3. Jedenfalls nach dem Normzweck des [X.] in § 17 Abs. 1 Satz 1 [X.] ist für dessen Eingreifen die Bekanntgabe einer bestehenden Schwangerschaft nach Abschluss des Arbeitsvertrags ausreichend. Die Aufnahme der vereinbarten Tätigkeit ist hierfür nicht erforderlich.

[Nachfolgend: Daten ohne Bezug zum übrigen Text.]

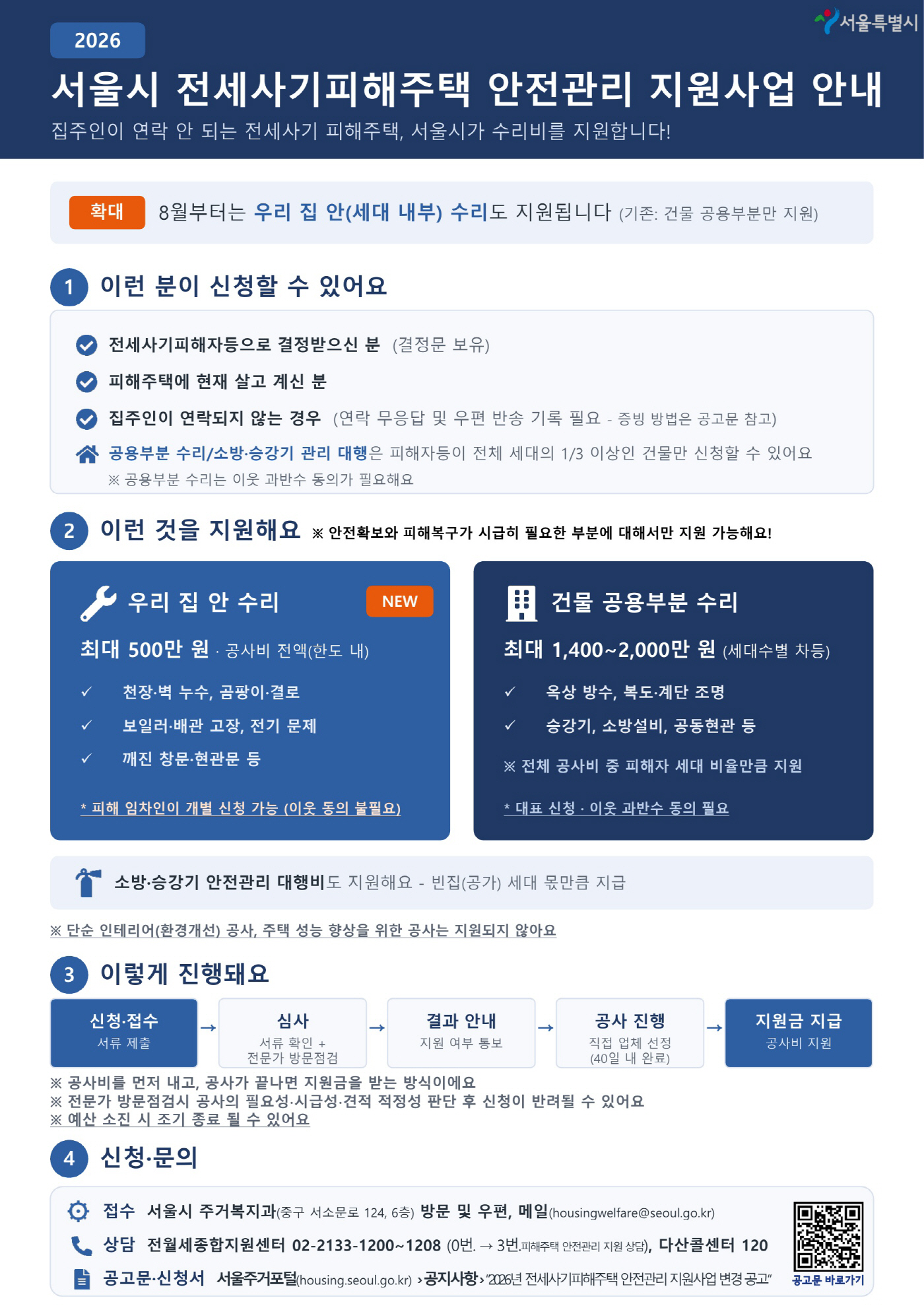 전세사기피해주택 안내문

a) Das Kündigungsverbot soll die (werdende) Mutter temporär vor dem Verlust des Arbeitsplatzes schützen. Hierdurch werden der Bestand des Arbeitsverhältnisses während der Schwangerschaft und nach der Entbindung gewährleistet (Hk-[X.]/[X.]/[X.]. [X.] § 17 Rn. 1a). Die Regelung in § 17 Abs. 1 Satz 1 [X.] setzt Art. 10 der Richtlinie 92/85/[X.] (Mutterschutzrichtlinie 92/85/[X.], ABl. L 348 vom 28. November 1992 S. 1) um (vgl. [X.]. 18/8963 S. 87; [X.]/[X.] Stand 1. Dezember 2019 § 17 [X.] Rn. 1; [X.]/[X.] 20. Aufl. [X.] § 17 Rn. 1). Danach sind die Mitgliedstaaten verpflichtet, die erforderlichen Maßnahmen zu treffen, um Kündigungen von Beginn der Schwangerschaft bis zum Ende des Mutterschaftsurlaubs zu verbieten. Eine Kündigung kann sich schädlich auf die physische und psychische Verfassung von Schwangeren, Wöchnerinnen oder stillenden Arbeitnehmerinnen auswirken, eine Schwangere kann durch den sonst drohenden Arbeitsplatzverlust sogar zum baldigen Abbruch ihrer Schwangerschaft veranlasst werden ([X.] 22. Februar 2018 - [X.]/16 - [[X.]] Rn. 45 f. und 61 f.). Die Arbeitnehmerin und mittelbar das Kind sollen nicht durch wirtschaftliche Existenzängste belastet (vgl. auch §§ 18 ff. [X.]), seelische Zusatzbelastungen durch einen Kündigungsschutzprozess vermieden werden (vgl. [X.] 26. April 1956 - [X.] 1/56 - zu I 4 der Gründe, [X.]E 3, 66; [X.]/[X.] aaO; [X.]/[X.] aaO).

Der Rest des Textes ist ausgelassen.